**DIRECTIONS FOR THIS TASK:** Retype the data exactly, from its first line to the line containing "Maison 3 Pièces", including both, and skip any picture.

□ □ □ □

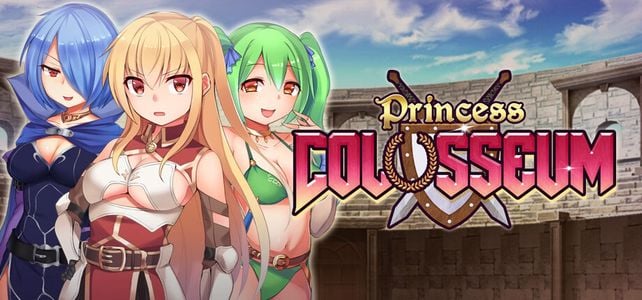 Princess Colosseum adult sex game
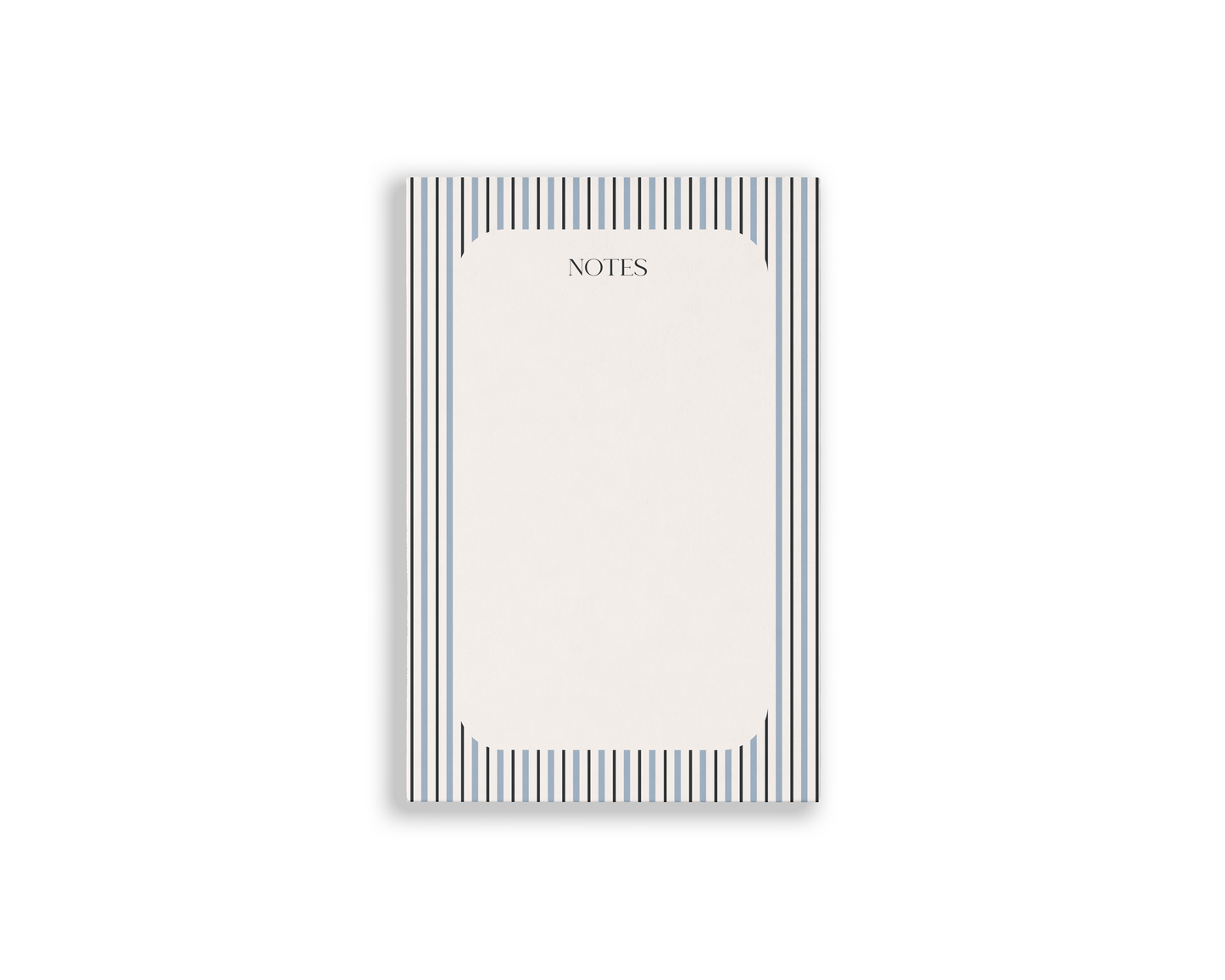 Notepad | Stripes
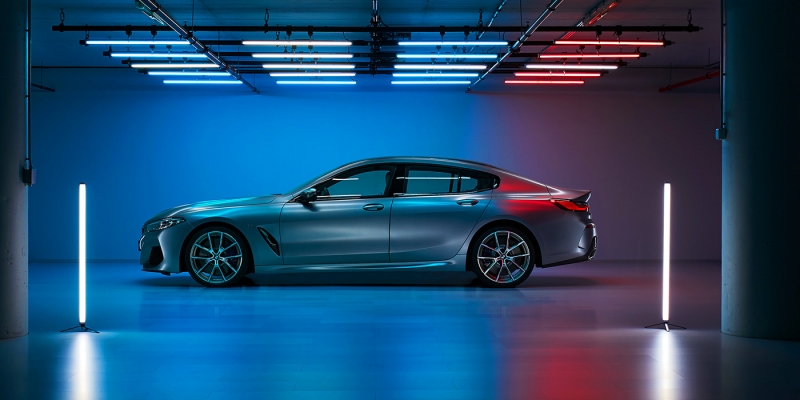 
                                    BMW назвала рублевую стоимость четырехдверной «восьмерки»
                            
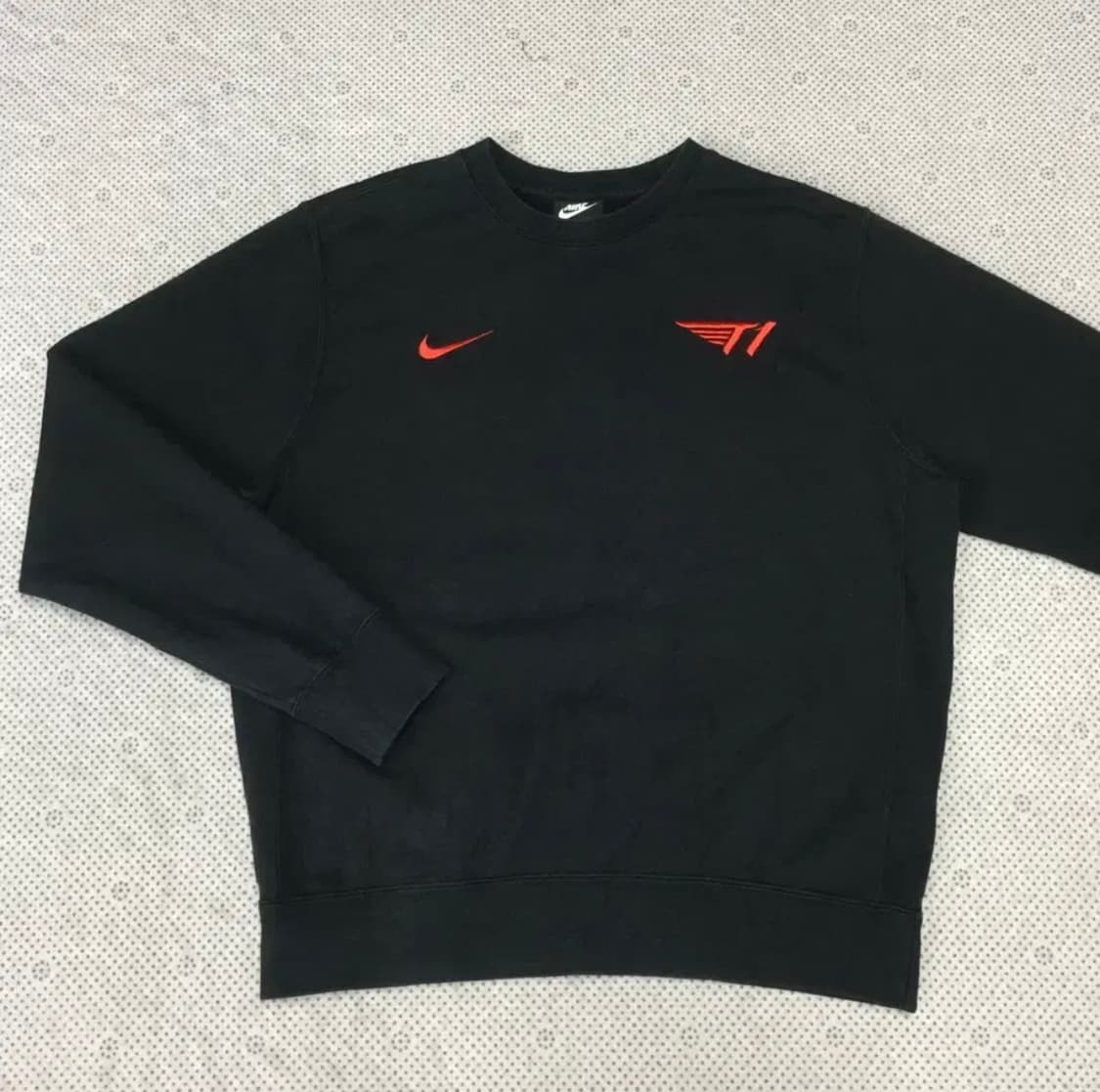 나이키 SK T1 티원 맨투맨LL02 상품이미지1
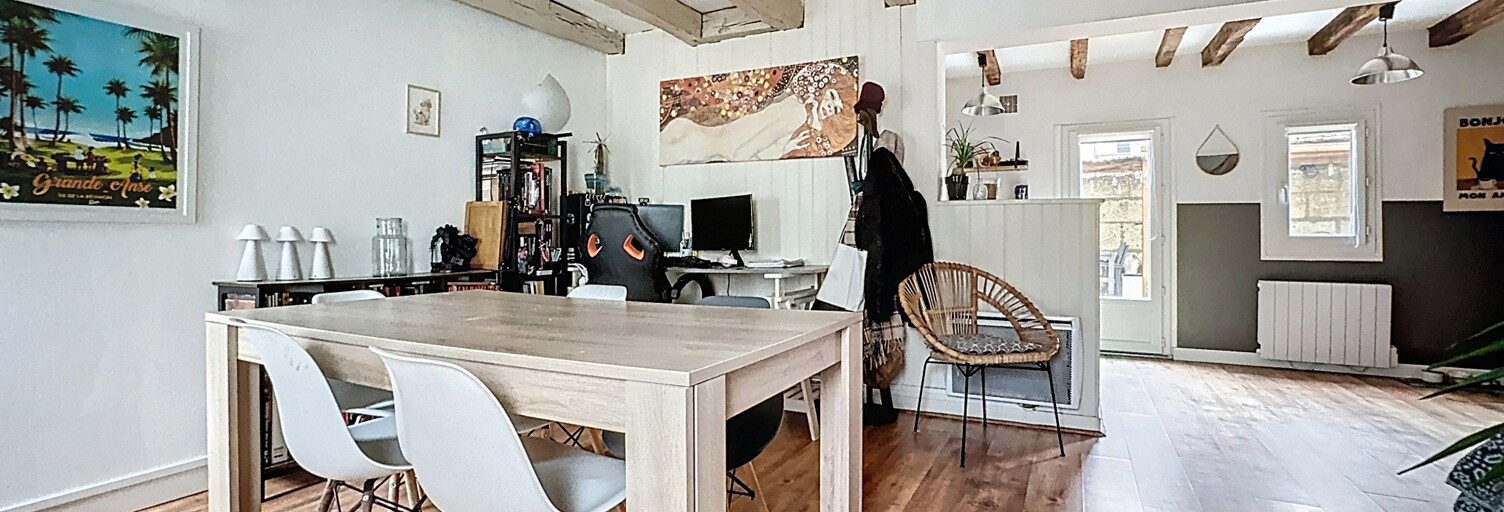 Maison 3 Pièces 73 m² à vendre à Angoulême (16000)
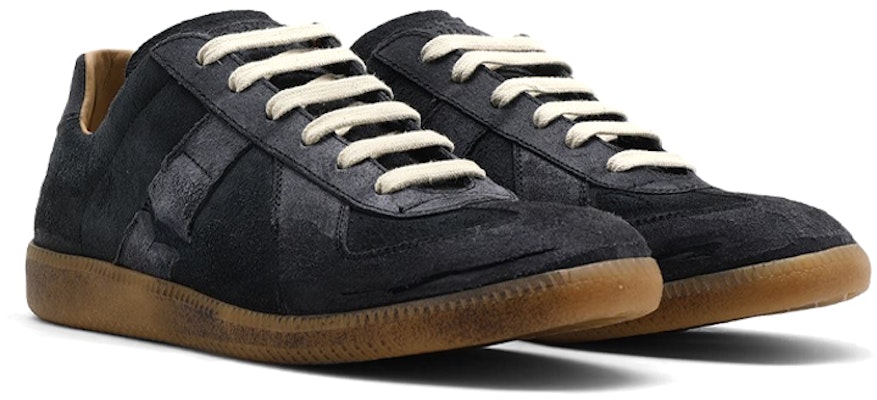 Maison Margiela Replica 'Hitam Gum' S57WS0382-P4016-T8013 Lookbook Maison Margiela Replica 'Hitam Gum' S57WS0382-P4016-T8013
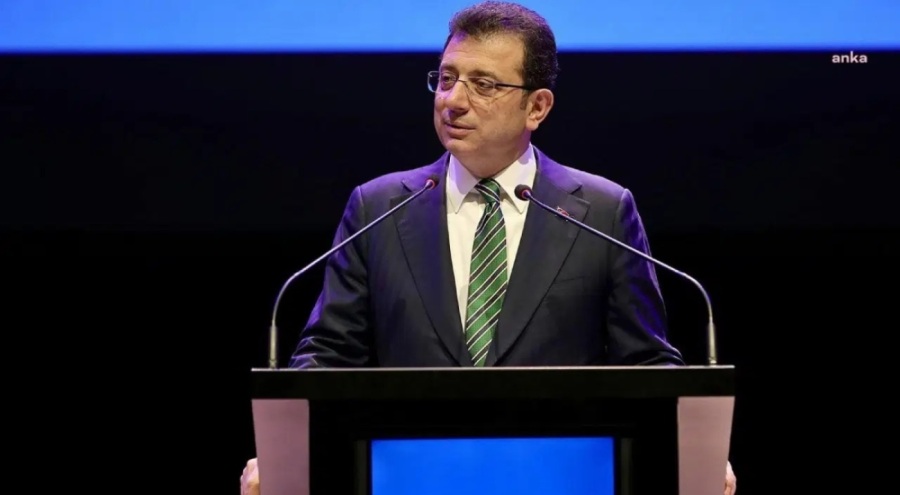 İmamoğlu'ndan sahte diploma skandalına sert tepki: 'Her türlü sahteciliği yapmış'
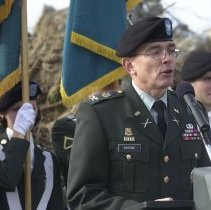 Stilwell Hall Closure Ceremony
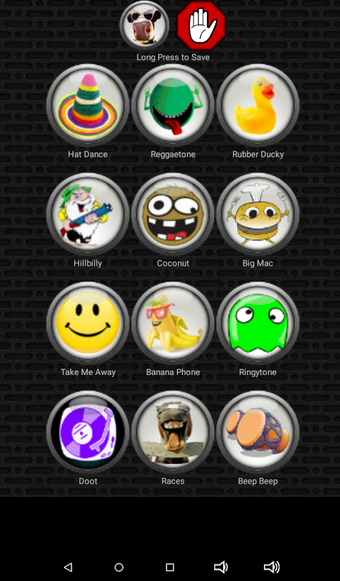 Imagen 1 para Free Silly Ringtones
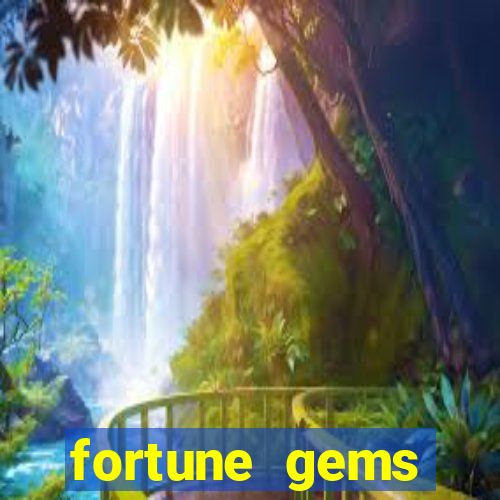 fortune gems horario pagante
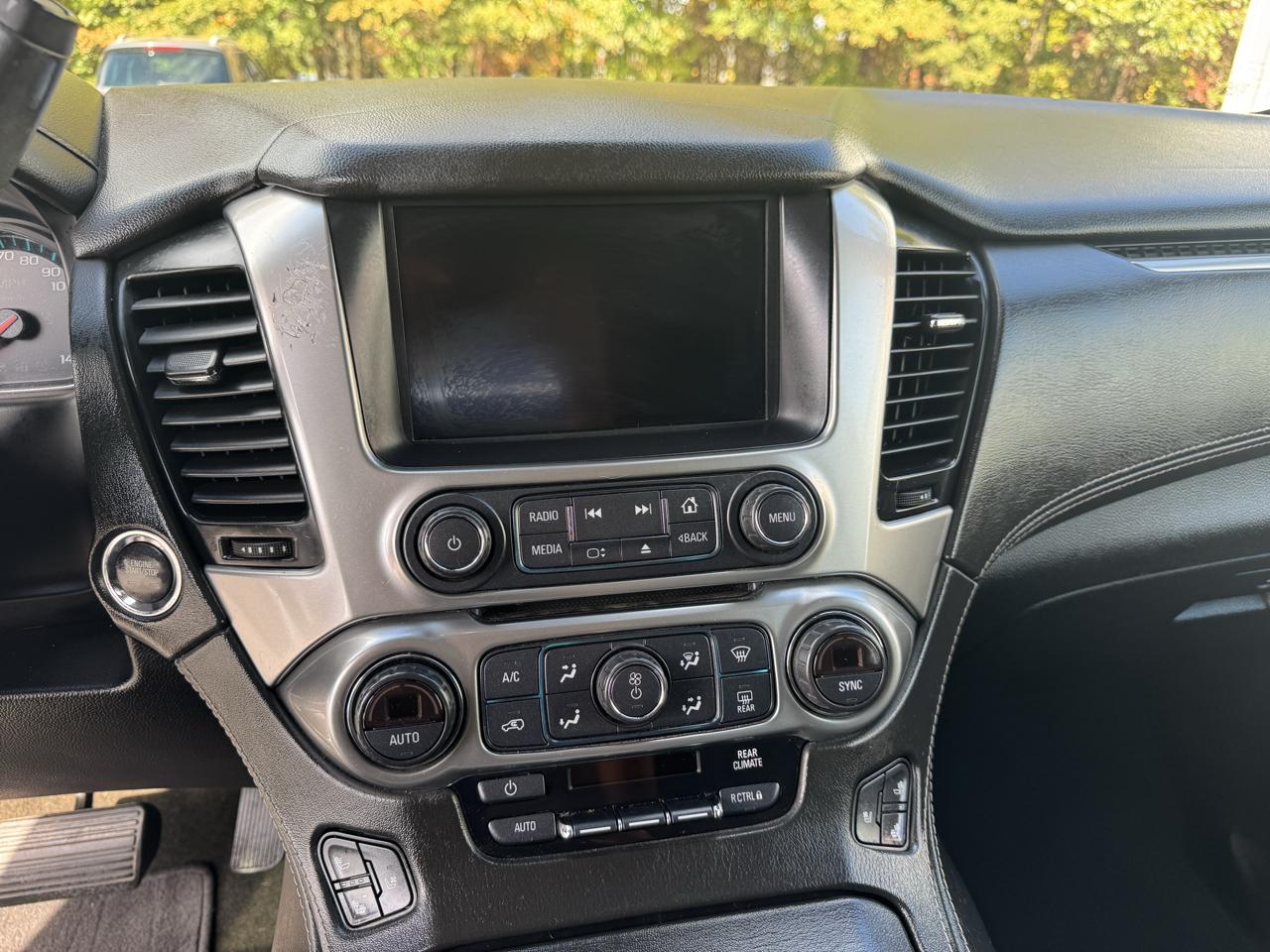 Chevrolet Suburban 4WD 4dr 1500 Premier 2018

□ □ □ □

**ANSWER FOR THE TASK:**
 Princess Colosseum adult sex game
 Notepad | Stripes
                                    BMW назвала рублевую стоимость четырехдверной «восьмерки»
                            
 나이키 SK T1 티원 맨투맨LL02 상품이미지1
 Maison 3 Pièces 73 m² à vendre à Angoulême (16000)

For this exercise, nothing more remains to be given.